A single-engine propeller plane crashed at Yao Airport in Osaka Prefecture at about 4:20 p.m. Saturday, with all four people on board confirmed dead inside the aircraft.
The Osaka prefectural police were investigating the accident as a case of professional negligence resulting in deaths. The police were to identify the victims, all of whom are believed to be men, and the cause of the accident.
According to the transport ministry, the captain of the plane was a man named Yasushi Nishimoto.
According to the ministry and the Yao Airport office, the four-seater Mooney M20C was heading for the airport in the city of Yao after departing from Kobe Airport in neighboring Hyogo Prefecture at 4:03 p.m.
The plane crashed into a grassy area near the 1,490-meter Runway A, one of the two runways at Yao Airport, and burst into flames after notifying an air controller that it would make a repeat landing attempt.
The cockpit of the small plane, which is seven meters long and 10.7 meters wide, was completely destroyed in the crash, according to the police and firefighters.
The fire was extinguished about 4:40 p.m.
Visibility was good at the time of the accident while the wind speed was 1.5 meters per second at 4 p.m.
The Japan Transport Safety Board were to send two investigators to the airport.
In May 2015, the plane obtained a certificate of airworthiness after clearing checks by government inspectors.
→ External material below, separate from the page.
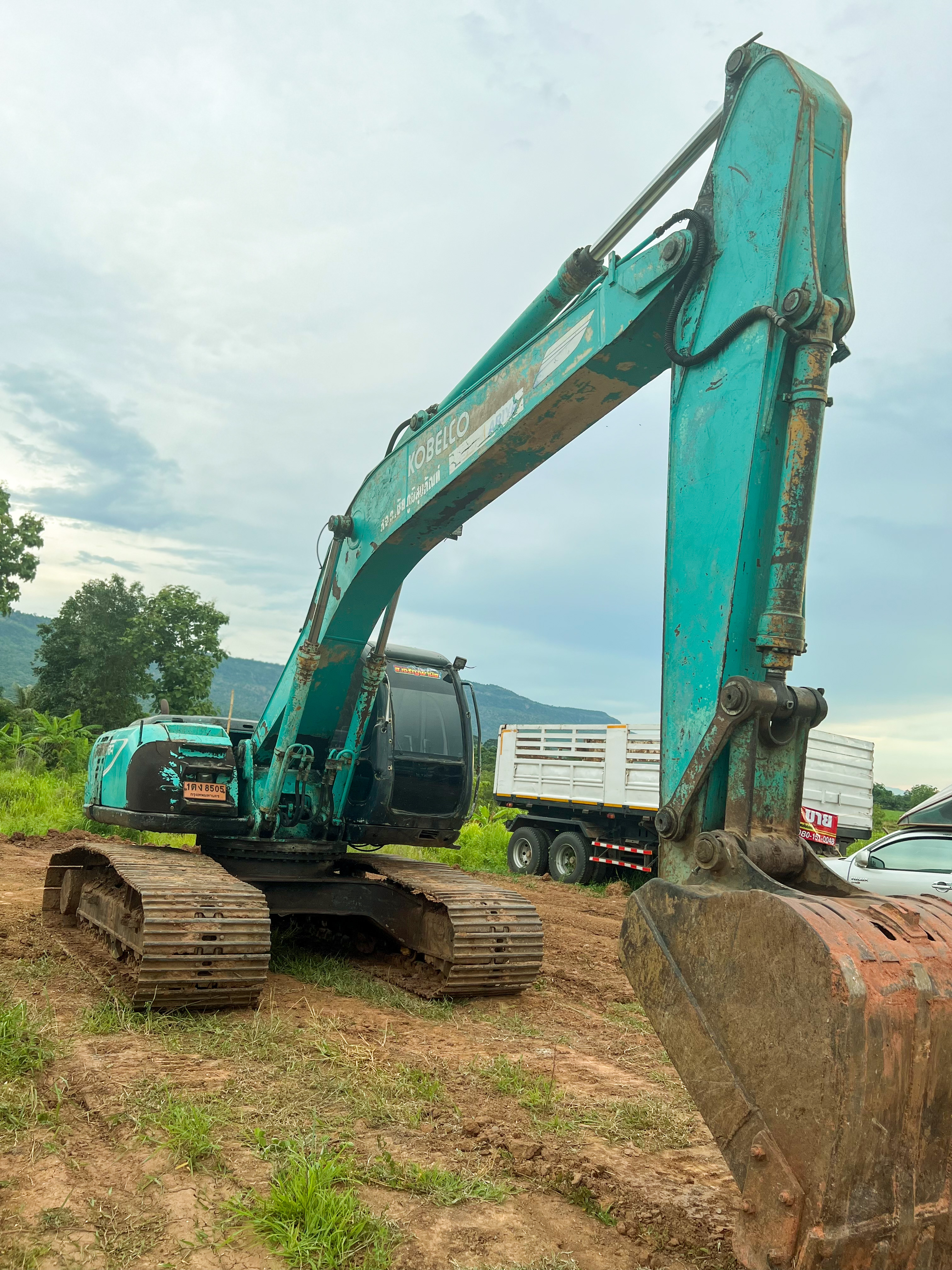 รถแม็คโคร KOBELCO SK200-5Mark V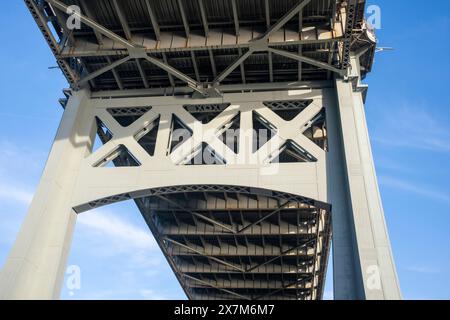 NEW YORK, NEW YORK – 20. MAI: Die Triborough Bridge (offiziell bekannt als Robert F. Kennedy Bridge, auch bekannt als RFK Bridge), die in einem hohen Überfluss zu sehen ist Stockfoto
Aircraft must obtain the certificate every year. It was registered in 1997.
Yao Airport, located in a residential district, is about 15 kilometers southeast of Osaka Station of West Japan Railway Co., or JR West.
The airport is used mainly for flights for aerial surveys, pilot training and sightseeing, but not for regular flight services. It was fully returned from the U.S. military in 1954 and put into service in 1960.